▶ _Required action_:
Repeat exactly the line that contains "this 1348×896 image." and every line after it, down to the last line of the entries below. Do not include pictures.

Referring expression grounding data
======

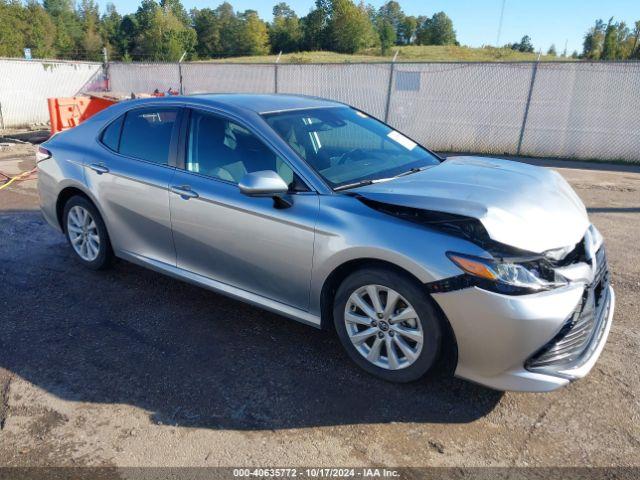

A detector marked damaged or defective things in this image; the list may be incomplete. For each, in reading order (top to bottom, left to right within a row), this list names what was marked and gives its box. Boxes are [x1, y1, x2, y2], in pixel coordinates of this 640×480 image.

damaged hood [356, 158, 592, 255]
cracked headlight [444, 251, 564, 292]
front bumper damage [430, 246, 616, 392]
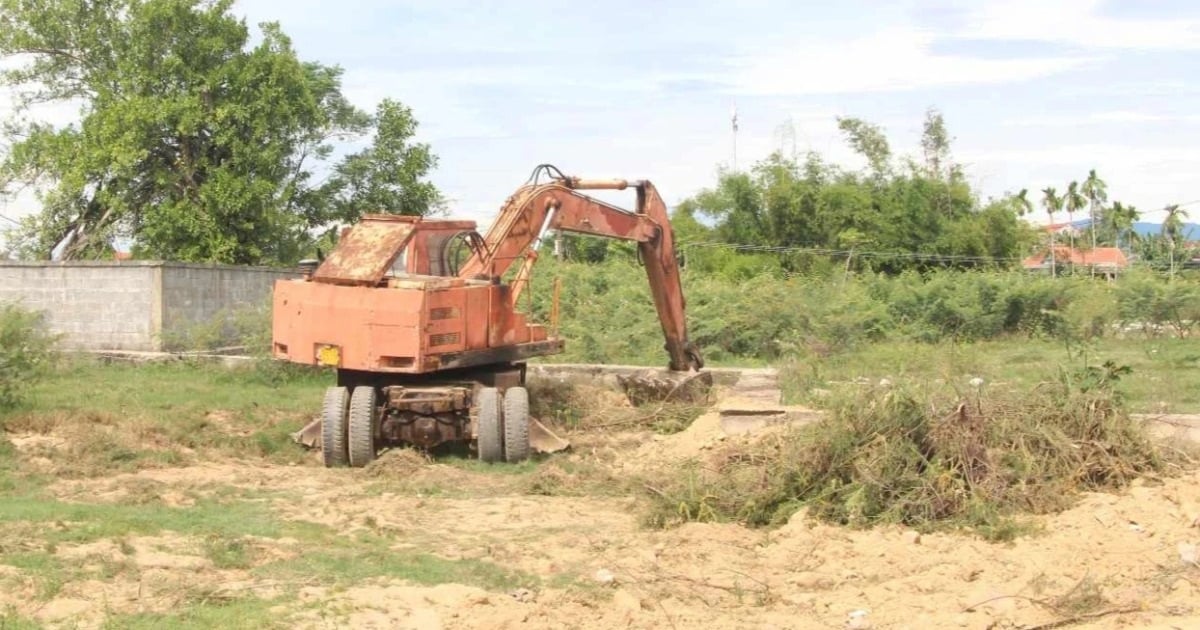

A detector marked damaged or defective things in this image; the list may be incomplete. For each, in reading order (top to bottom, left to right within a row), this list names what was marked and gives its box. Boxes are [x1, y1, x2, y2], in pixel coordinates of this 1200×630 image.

rusty orange excavator [274, 164, 700, 463]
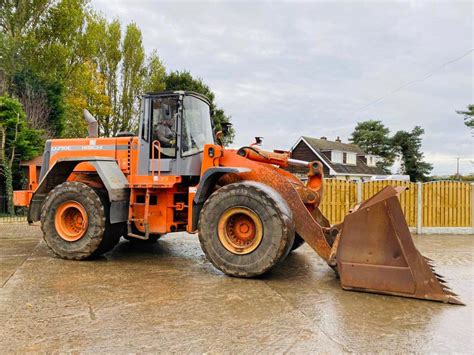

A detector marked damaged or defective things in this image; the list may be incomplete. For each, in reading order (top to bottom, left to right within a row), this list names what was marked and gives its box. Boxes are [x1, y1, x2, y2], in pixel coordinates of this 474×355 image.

rusty bucket [336, 186, 462, 306]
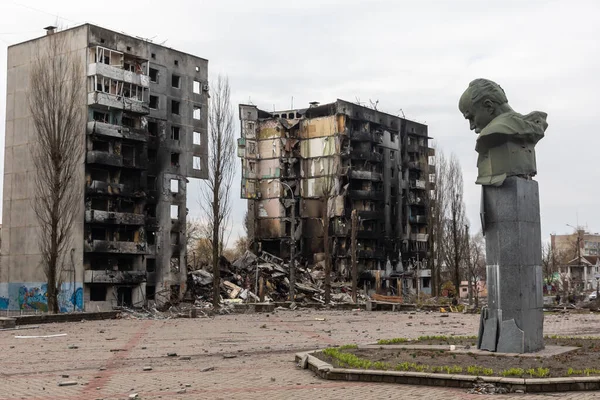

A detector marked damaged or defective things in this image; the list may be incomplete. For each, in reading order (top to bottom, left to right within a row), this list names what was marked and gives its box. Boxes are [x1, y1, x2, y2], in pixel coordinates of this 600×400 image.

damaged apartment building [1, 25, 209, 312]
damaged apartment building [237, 100, 434, 294]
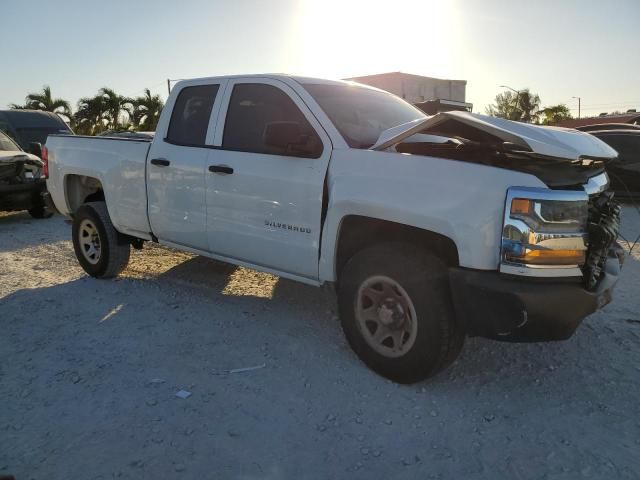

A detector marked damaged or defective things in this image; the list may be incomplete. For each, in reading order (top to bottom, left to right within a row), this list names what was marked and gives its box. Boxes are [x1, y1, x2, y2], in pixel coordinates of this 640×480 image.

wrecked vehicle [0, 128, 50, 217]
another damaged car [0, 131, 50, 218]
crumpled hood [370, 110, 620, 161]
wrecked vehicle [43, 75, 620, 382]
broken headlight [502, 188, 588, 278]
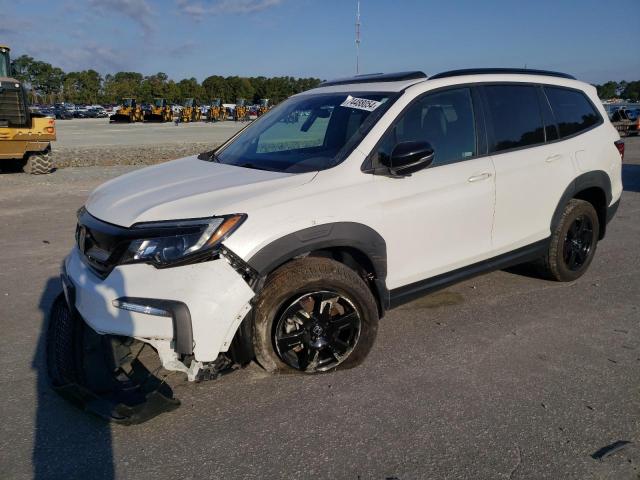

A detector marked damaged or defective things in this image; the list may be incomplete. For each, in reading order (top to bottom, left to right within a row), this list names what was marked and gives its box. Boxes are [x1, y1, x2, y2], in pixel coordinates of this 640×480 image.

exposed wheel well [572, 188, 608, 240]
detached bumper piece [47, 294, 180, 426]
damaged front bumper [47, 249, 255, 422]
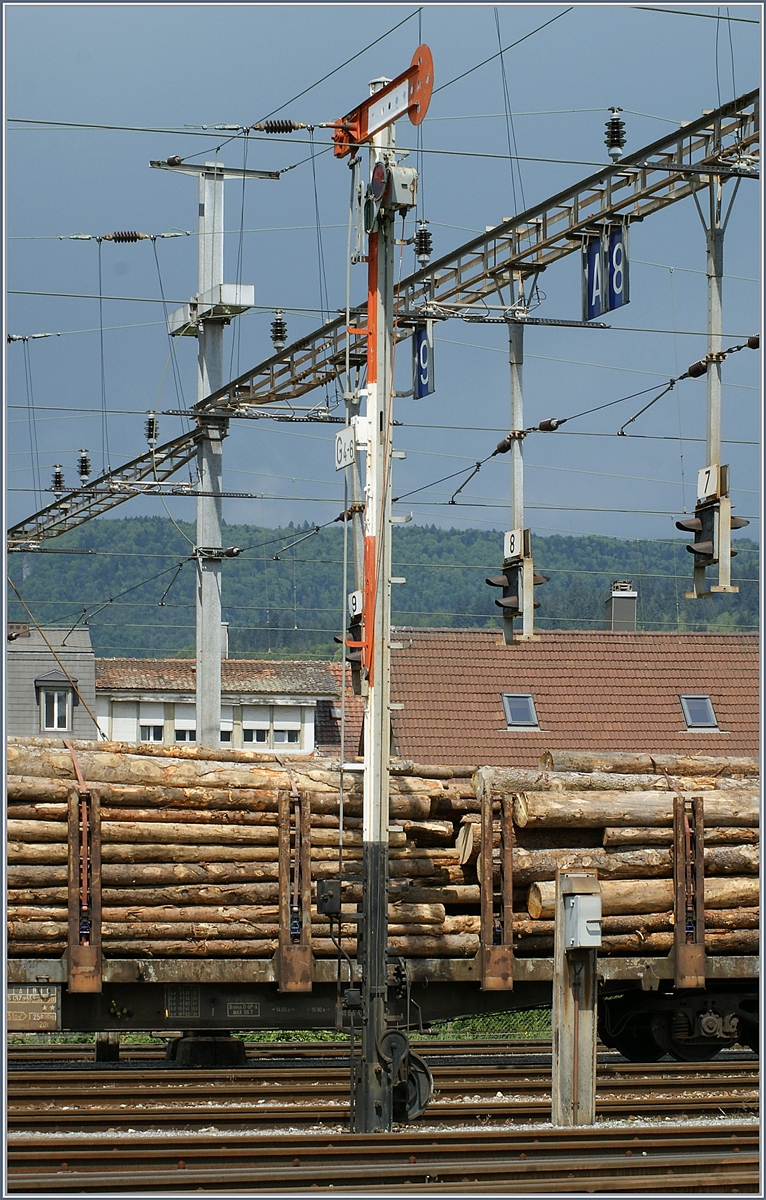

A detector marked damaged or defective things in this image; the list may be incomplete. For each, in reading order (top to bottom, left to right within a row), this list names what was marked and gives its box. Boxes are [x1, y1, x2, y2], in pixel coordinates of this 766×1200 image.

rusty metal frame [64, 740, 102, 992]
rusty metal frame [278, 788, 314, 992]
rusty metal frame [480, 792, 516, 988]
rusty metal frame [676, 796, 712, 984]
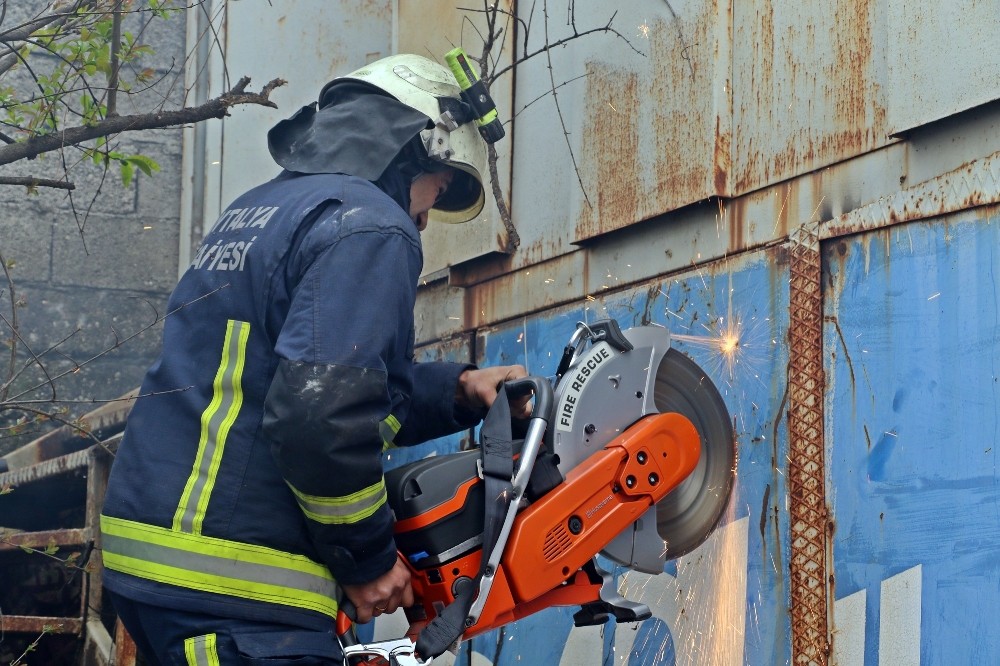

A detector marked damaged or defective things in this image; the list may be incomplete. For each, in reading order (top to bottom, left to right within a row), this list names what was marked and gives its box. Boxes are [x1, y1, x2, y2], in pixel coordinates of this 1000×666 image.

rust stain [576, 63, 644, 241]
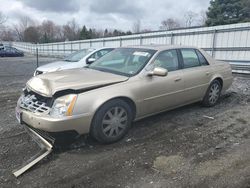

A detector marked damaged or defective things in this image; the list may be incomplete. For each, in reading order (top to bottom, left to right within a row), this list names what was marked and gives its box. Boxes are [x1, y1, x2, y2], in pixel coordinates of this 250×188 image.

damaged hood [27, 67, 129, 97]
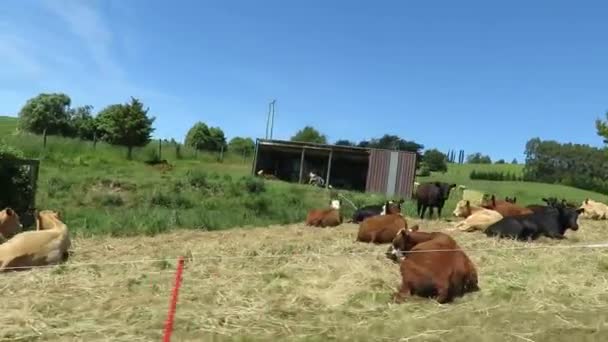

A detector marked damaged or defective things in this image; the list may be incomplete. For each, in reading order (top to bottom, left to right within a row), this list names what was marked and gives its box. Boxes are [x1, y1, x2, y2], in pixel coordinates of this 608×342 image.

rusty metal wall [366, 148, 418, 199]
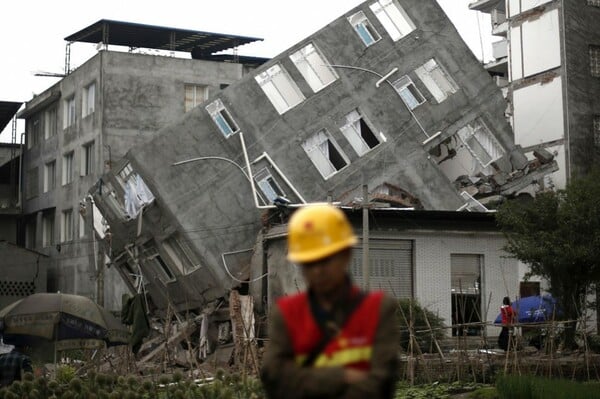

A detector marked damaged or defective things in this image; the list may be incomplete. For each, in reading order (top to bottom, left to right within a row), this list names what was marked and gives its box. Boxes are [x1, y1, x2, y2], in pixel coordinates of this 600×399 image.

broken window [346, 10, 380, 47]
broken window [368, 0, 414, 41]
broken window [184, 83, 207, 112]
broken window [254, 63, 304, 115]
broken window [290, 43, 338, 93]
broken window [394, 76, 426, 110]
broken window [414, 59, 458, 104]
broken window [206, 99, 239, 138]
broken window [302, 130, 350, 180]
broken window [342, 109, 380, 156]
broken window [458, 119, 504, 169]
broken window [253, 168, 286, 205]
broken window [141, 244, 175, 284]
broken window [162, 236, 204, 276]
broken window [450, 255, 482, 336]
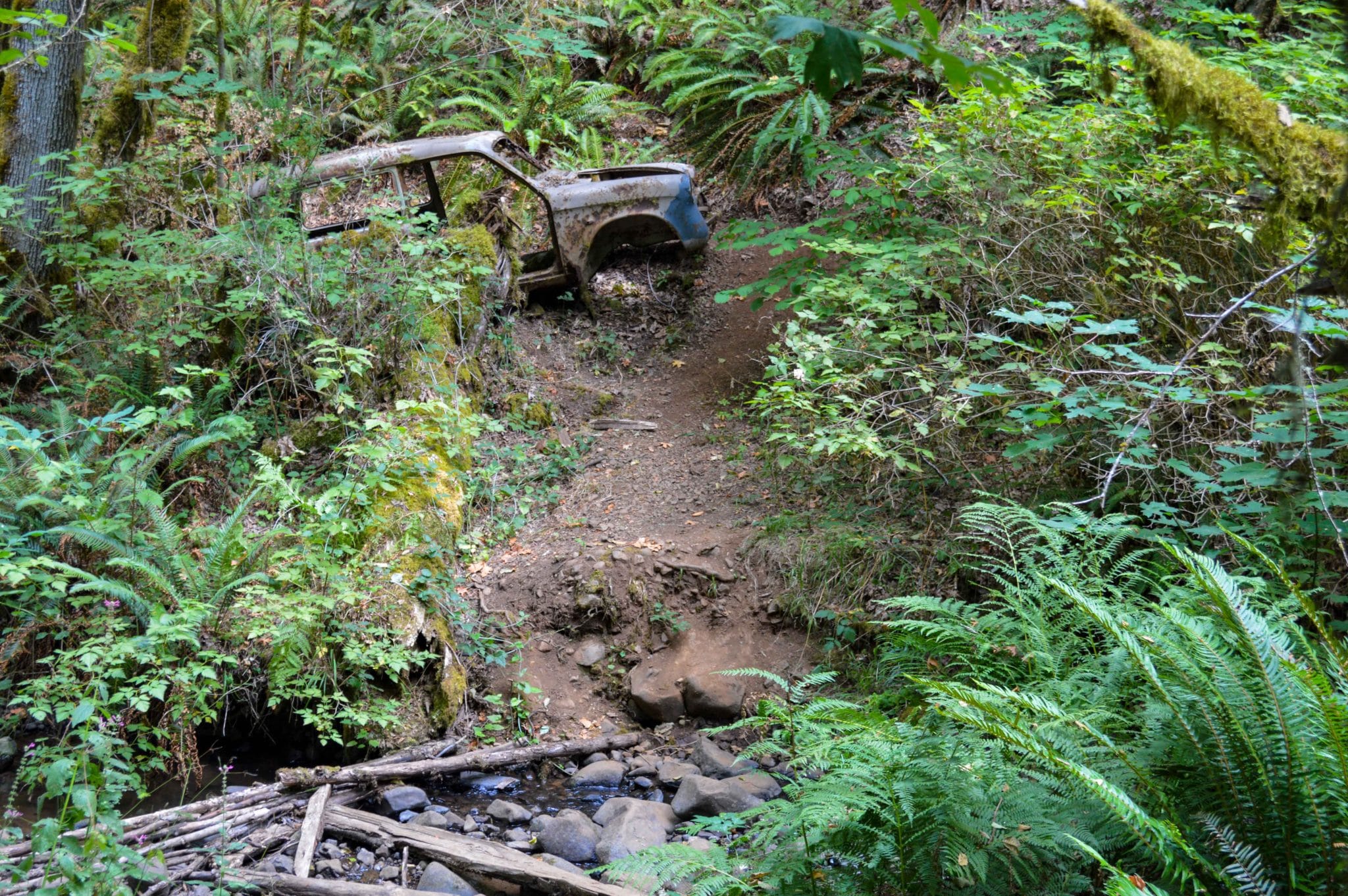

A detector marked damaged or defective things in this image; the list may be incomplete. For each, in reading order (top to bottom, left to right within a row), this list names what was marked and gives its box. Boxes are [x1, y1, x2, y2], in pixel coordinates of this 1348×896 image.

abandoned car shell [244, 131, 711, 292]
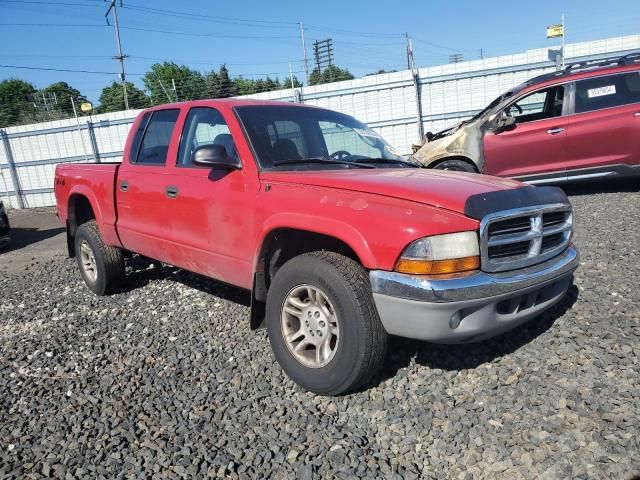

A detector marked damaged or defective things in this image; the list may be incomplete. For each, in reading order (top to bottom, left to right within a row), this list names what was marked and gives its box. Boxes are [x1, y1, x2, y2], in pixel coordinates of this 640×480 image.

damaged red suv [412, 52, 640, 184]
crumpled hood [260, 168, 524, 215]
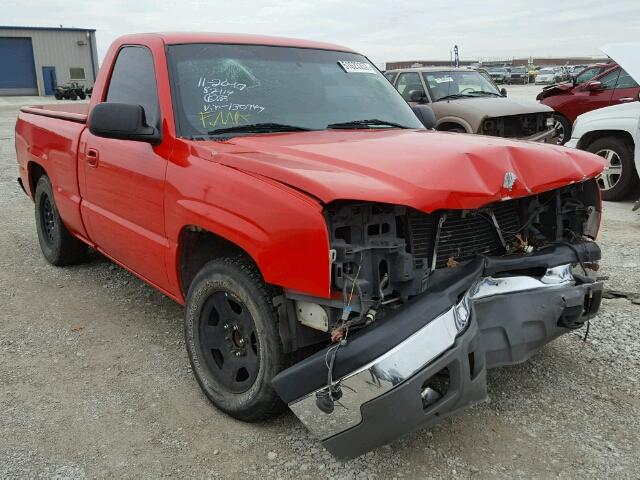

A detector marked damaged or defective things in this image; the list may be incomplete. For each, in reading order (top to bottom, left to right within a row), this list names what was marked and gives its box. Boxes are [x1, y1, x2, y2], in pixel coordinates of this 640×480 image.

damaged front end [272, 178, 604, 460]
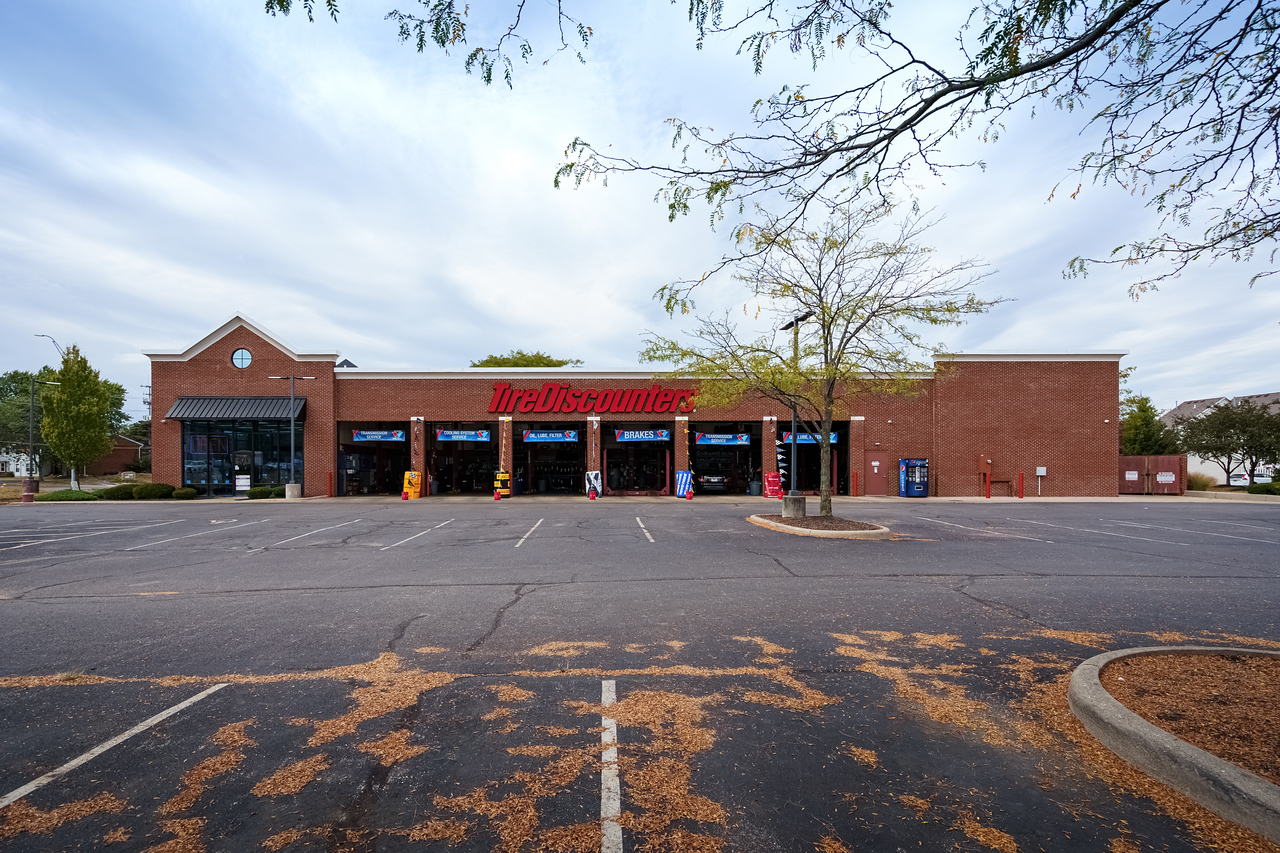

======

▶ _Solution to this problem_:
A detector marked damaged or defective things in this image; the list may be incomplete. For each, in reading order (top to bottom, left to right within a row), this list names what was marked and gives its box. Boxes are [x1, y1, x2, y2], in pixel coordinates of this 1348×896 image.

abandoned car shell [244, 131, 711, 292]

A detector marked damaged or defective things in this image; the list may be incomplete. For each, in reading order (top to bottom, left to right within a row), this list names what was marked and gives its box. Boxes are [x1, y1, x2, y2], in pixel coordinates of this 640×480 image.

damaged red suv [412, 52, 640, 184]
crumpled hood [260, 168, 524, 215]

A detector marked damaged or defective things in this image; the list may be incomplete. For each, in reading order (top to bottom, left to right within a row), this list names what was marked and gives its box. Boxes are [x1, y1, x2, y2], in pixel coordinates of this 640×480 image.

damaged front end [272, 178, 604, 460]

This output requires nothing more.